A NATUREZA DA PRIMEIRA RESSURREIÇÃO
Em Apocalipse 20.4-6, o apóstolo João se refere a pessoas que “viveram e reinaram com Cristo durante mil anos” (20.4), descrevendo este vir à vida como “a primeira ressurreição” (20.5).[6] De acordo com o Premilenismo Futurista, esta é a primeira de duas ressurreições físicas em Apocalipse 20, ressurreições que são separadas por mil anos. A primeira é uma ressurreição dos justos – os crentes fiéis que são martirizados durante a tribulação (20.4) – e a segunda ressurreição é dos ímpios que estarão diante do trono do Juízo Final, após o reino milenar (20.11-15), conforme João escreve: “viveram e reinaram com Cristo durante mil anos. Os restantes dos mortos não reviveram até que se completassem os mil anos” (20.4-5).

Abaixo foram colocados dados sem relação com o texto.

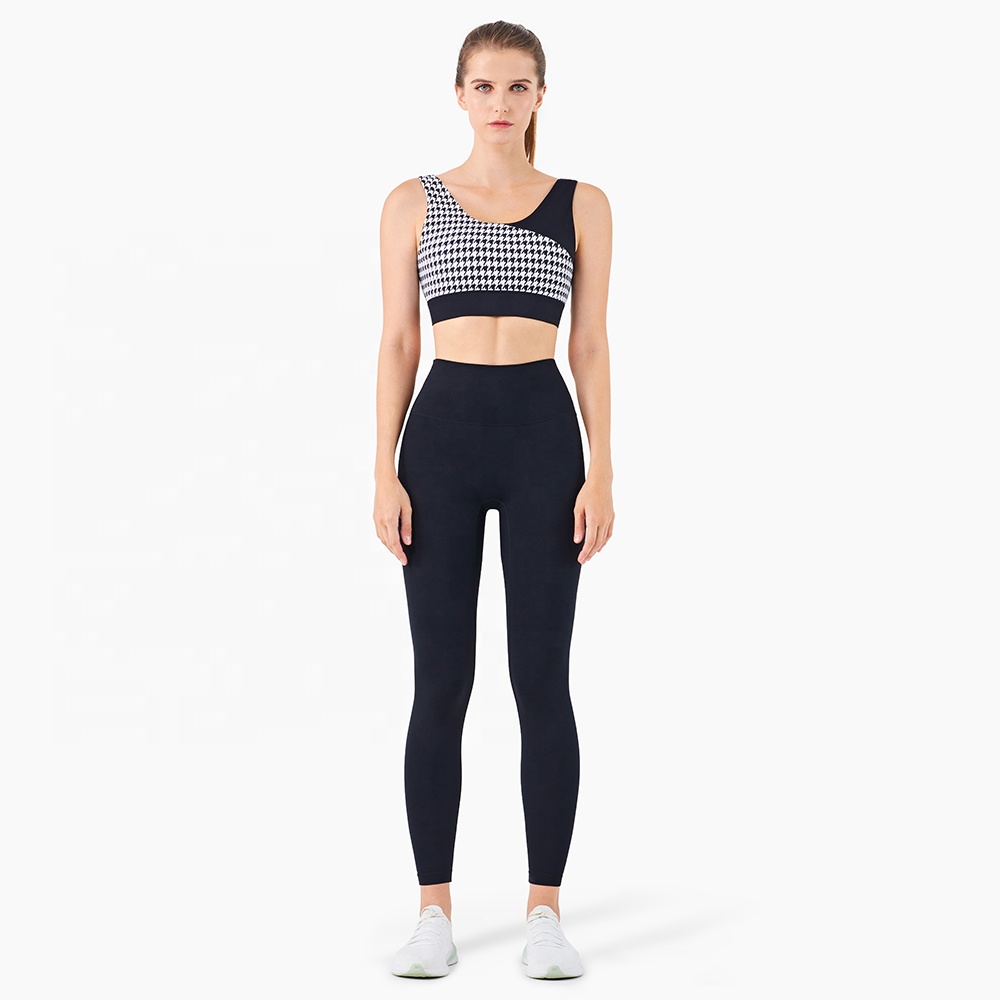 Yoga Leggings With Houndstooth Sports Bra Gym Activewear4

Amilenistas e Posmilenistas rejeitam as descrições sobre as duas ressurreições físicas separadas por mil anos, insistindo que “a primeira ressurreição” no início dos mil anos não é física, mas espiritual. Eles explicam a natureza espiritual desta ressurreição de várias maneiras, mas a visão mais comum deles é que a primeira ressurreição se refere à regeneração dos crentes no momento da conversão. Desta forma, a primeira ressurreição ocorre durante a era presente quando aqueles que estão espiritualmente mortos são vivificados em Cristo (Jo 5.25; Ef 2.4-6; Cl 2.12-13; 1Jo 3.14) e vivem para reinar com Ele no presente reino milenar.

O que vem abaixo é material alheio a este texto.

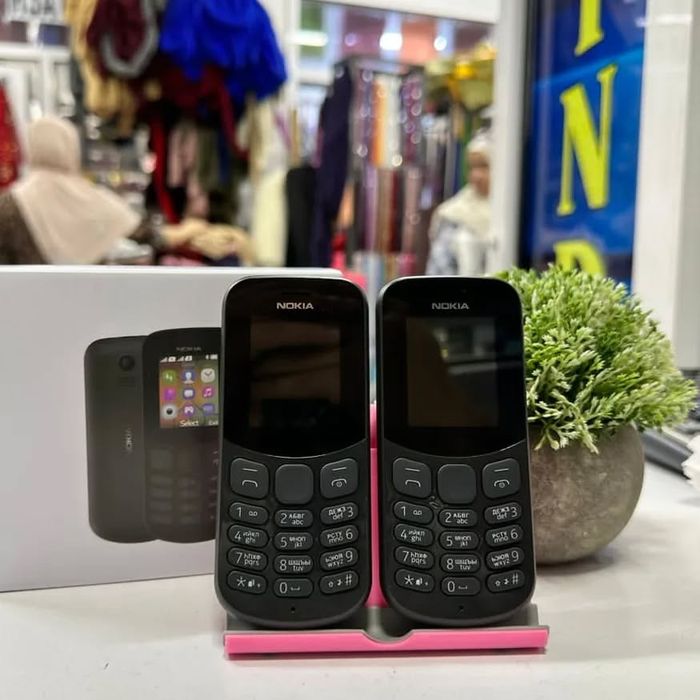 Продам кнопочный Телефон  NOKIA130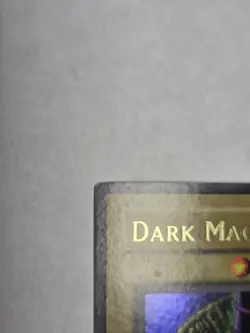 Dark Magician LOB-005 The Legend of Blue Eyes White Dragon Unlimited - MP - Image 3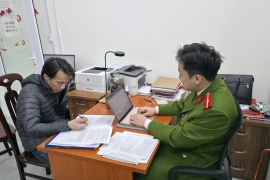 Vận động đối tượng truy nã đặc biệt về tội giết người đầu thú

Porém, há várias dificuldades com este ponto de vista. Primeiro, a palavra traduzida como “ressurreição” (anastasis) é usada outras quarenta e uma vezes no Novo Testamento e nunca se refere à regeneração. Essa objeção não é conclusiva porque é teoricamente possível que João esteja usando esta palavra de uma maneira única – mas isto coloca o ônus da prova sobre aqueles que dizem que ela é usada dessa maneira em Apocalipse 20.

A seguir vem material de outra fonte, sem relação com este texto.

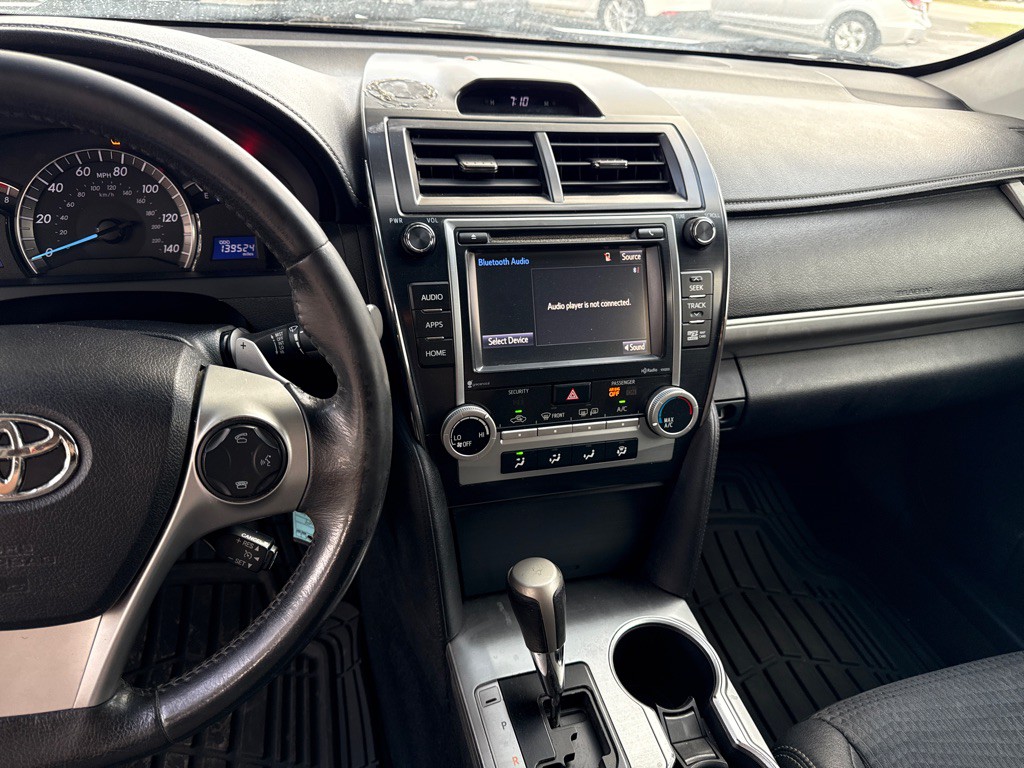 2014 Toyota Camry Image 11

Um segundo problema diz respeito ao reviver dos “restantes dos mortos” no início do versículo 5. Quando João diz que essas pessoas “reviveram” (ezêsan), os intérpretes concordam que esta palavra se refere a uma ressurreição física. Todavia, pelo fato de João usar a mesma forma da mesma palavra grega (ezêsan) para se referir ao “vir à vida” dos indivíduos no versículo 4, segue-se logicamente que essa “primeira ressurreição” é uma ressurreição física também. Caso contrário, “somos confrontados com o problema de uma mesma palavra estar sendo usada no mesmo contexto com dois significados completamente distintos, porém sem qualquer indicação quanto à mudança de significado”.[7] O Premilenismo Futurista não tem esse problema, pois ele vê o verbo ezêsan
como se referindo a uma ressurreição física nos dois versículos – uma ressurreição dos justos no versículo 4 e uma ressurreição dos ímpios no versículo 5. [Pois esta é a intenção clara do autor inspirado].

Em terceiro lugar, esta passagem indica que todo o grupo de indivíduos que são ressuscitados na primeira ressurreição é ressuscitado junto no início do milênio e reinará juntamente com Cristo pela totalidade dos mil anos (Ap 20.4-6). Isso fica claro a partir da gramática da passagem.[8] No entanto, de acordo com a visão de que a primeira ressurreição é igual à regeneração, os crentes são regenerados ao longo dos mil anos (que é visto como a era atual), de modo que a entrada dos santos neste reinado é distribuída ao longo do milênio. Isso simplesmente não se encaixa com a visão de João como ele a descreve.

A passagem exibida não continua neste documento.